If $A\subseteq\Bbb{R}^2$ is countable then $\Bbb{R}^2\setminus A$ is polygonally connected

Question

Show that if $A\subseteq \Bbb{R}^2$ is countable then $\Bbb{R}^2\setminus A$ is polygonally connected.

I have only come by similar questions here, but that set no guidelines from which I can yield and understand. I thought I had some ideas buy nothing seems correct at the moment. I just can't think of anything other than taking a point and trying to connect it with another point. It seems like I could always intersect some point in $A$, but on the other hand, from that point I can draw a random line in a random direction, and even the slightest continuous rotation will cover uncountably many line segments. Suppose I have two points in $\Bbb{R}^2\setminus A$, following my intuitive, how can I make sure the proccess never ends? Is this intuitive direction correct, and if so, how can it be formalized? I have been struggling with that quite a bit.

Answer 1

Let's try to link two points $a,b \in \mathbb R^2$.

Consider all the lines in $a$. Since they are parametrized by their slope, they are not countable. You can pick two of them without points in $A$.
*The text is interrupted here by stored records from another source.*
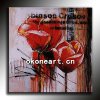 Hot sell handmade canvas abstract flower oil painting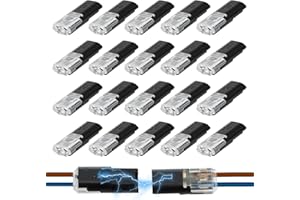RJLCTH Double Wire Plug in Connector, 2-Pin Low Voltage Wire Connector with Locking Buckle, No-Stripping Quick Splice Clips for 22–18 AWG LED Strip Light＆Electrical Cable (20 Pcs)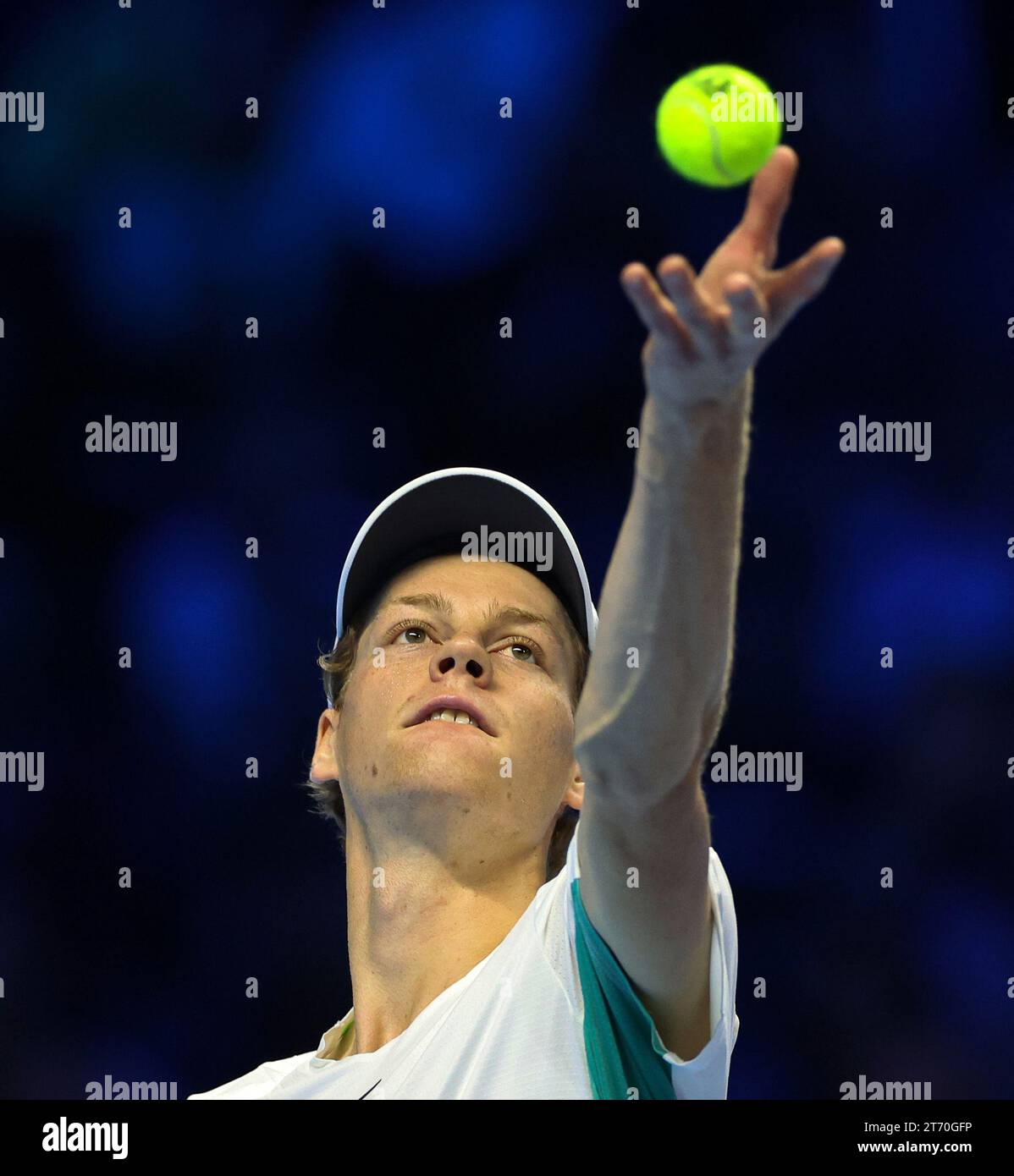 (231113) -- TURIN, Nov. 13, 2023 (Xinhua) -- Jannick Sinner serves during the group stage match between Jannick Sinner of Italy and Stefanos Tsitsipas of Greece at ATP Finals tennis tournament in Turin, Italy, on Nov. 12, 2023. (Photo by Federico Tardito/Xinhua) Stock Photo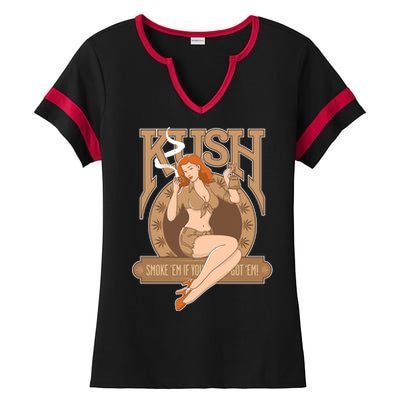 Sexy Lady Kush Smoke Marijuana Ladies Halftime Notch Neck Tee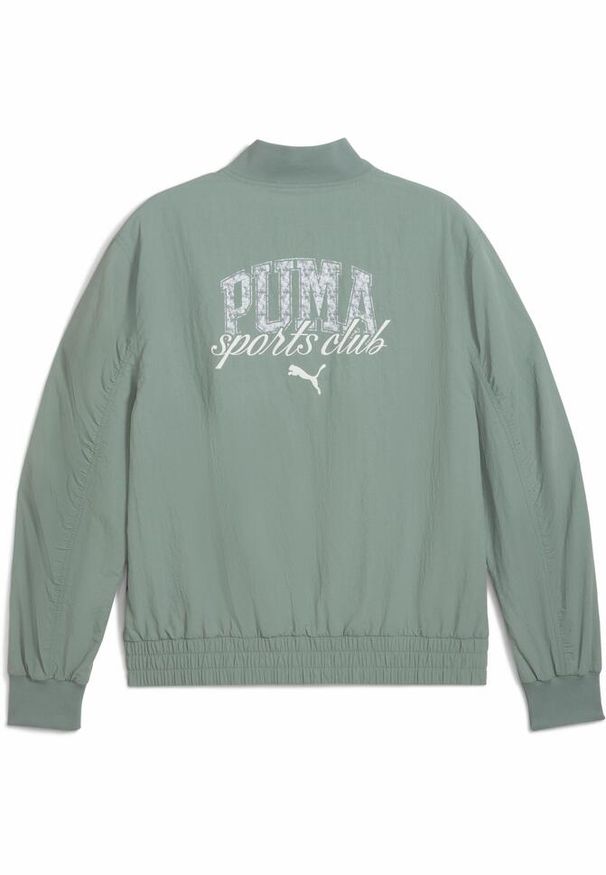 Puma - Męska kurtka bomber PUMA Class PUMA Green Moon. Kolor: zielony. Materiał: guma. Wzór: napisy, nadruk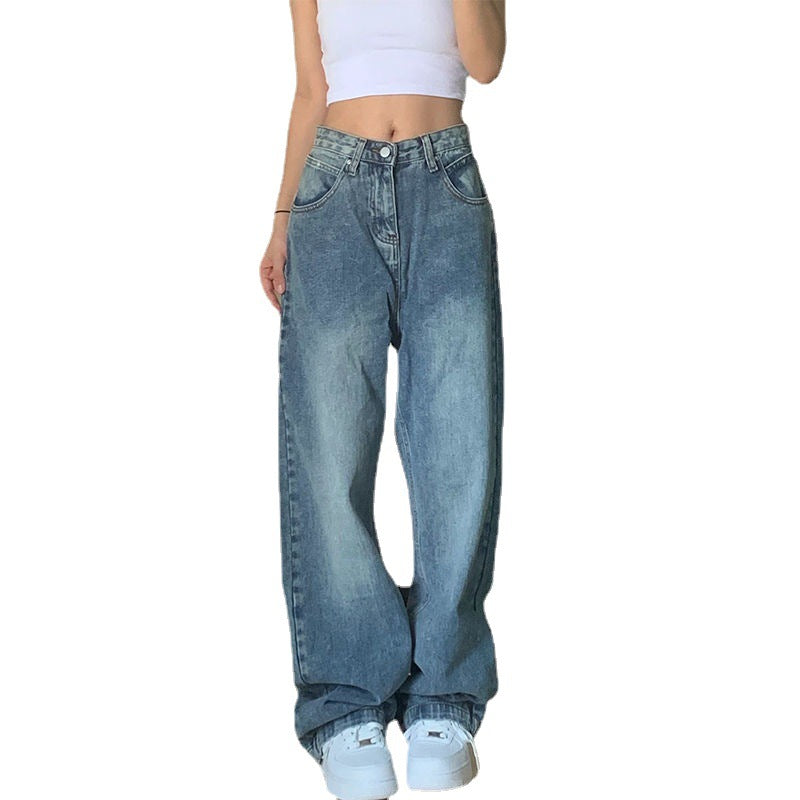 Plus Size Højtaljede Vide Ben Jeans til Kvinder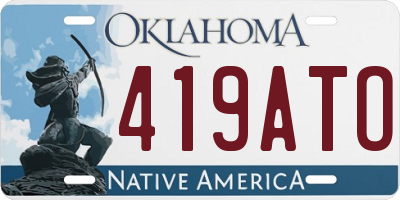 OK license plate 419ATO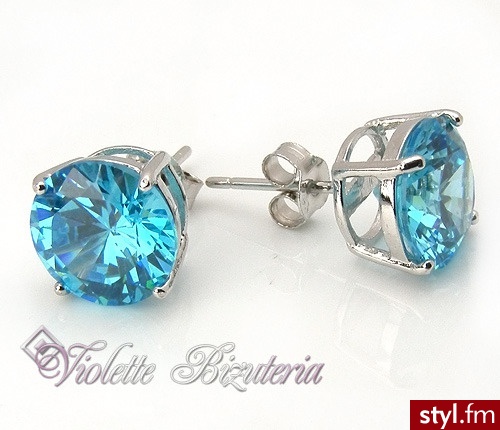 Violette Srebrne kolczyki cyrkonie AQUA 5mm 1105 - Akwamaryn - Kolczyki Biżuteria Moda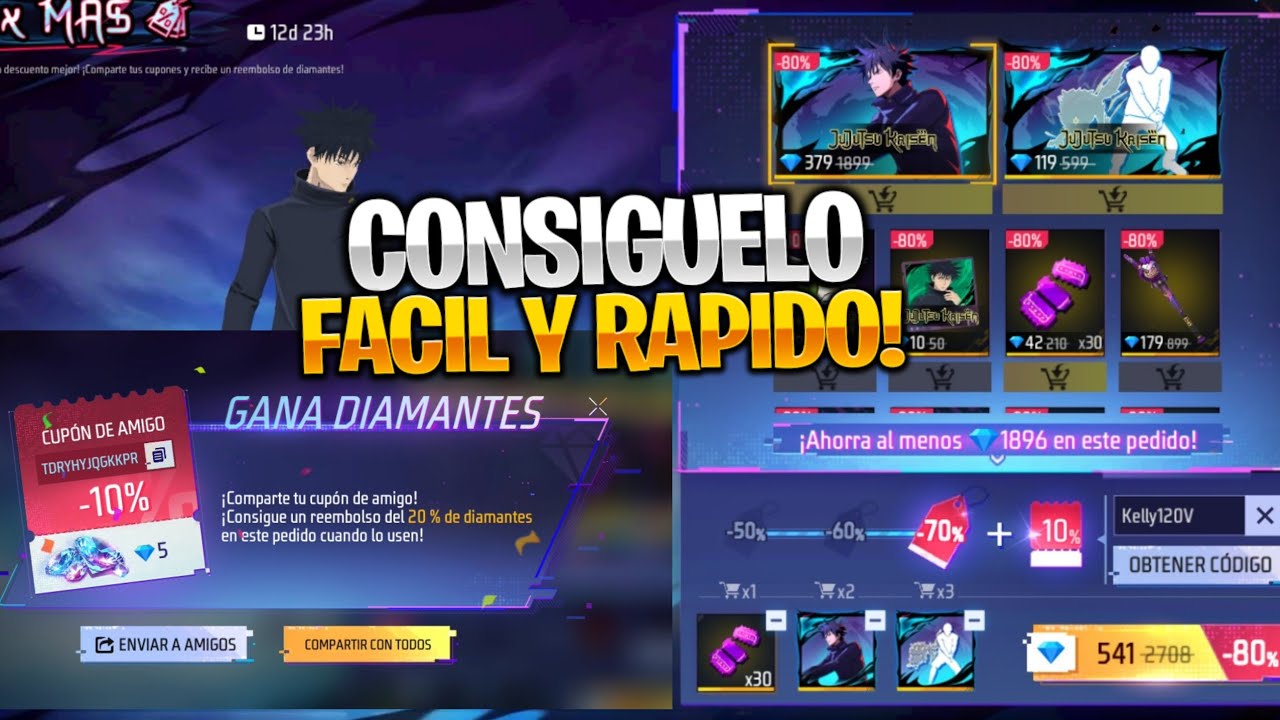 RÁPIDO EVENTO MÁS X MÁS USA CÓDIGO Y TE GANA DIAMANTES 80% EN MEGUMI  OBTENE CÓDIGO FÁCIL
As for $a$, we can pick a line in $b$ with no points in $A$. This line can't be parallel to both of the previous lines, thus we found a polygonal path from $a$ to $b$.

Answer 2

Hint Pick two points $x,y \notin A$.

There are uncountably many lines through $x$. Only countably many of them can contain points in $A$.

Pick one such line $l_1$.

There are uncountably many lines through $y$. Only countably many of them can contain points in $A$. One more is parallel to $l_1$.

Pick a line $l_2$ which passes through $y$, and is not parralel to $l_1$ nor contains points in $A$.

Answer 3

If I understand you correctly, it seems like you're going in the right direction: It is true that, for any point, there are uncountably many lines passing through it and only countably many of these passing through any point in $A$, hence uncountably many miss every point in $A$. To show that $\mathbb R^2\setminus A$ is polygonally connected, just take two points $x$ and $y$ and consider some line $\ell$ not passing through $x$ or $y$. Note that, aside from the endpoints, the set of paths consisting of a segment from $x$ to $z$ then $z$ to $y$ for $z\in \ell$ is pairwise disjoint. Thus, only countably many such paths may intersect $A$. However, there are uncountably many such paths, so there is some $z$ such that the segment from $x$ to $z$ then $z$ to $y$ does not intersect $A$, thus we are done.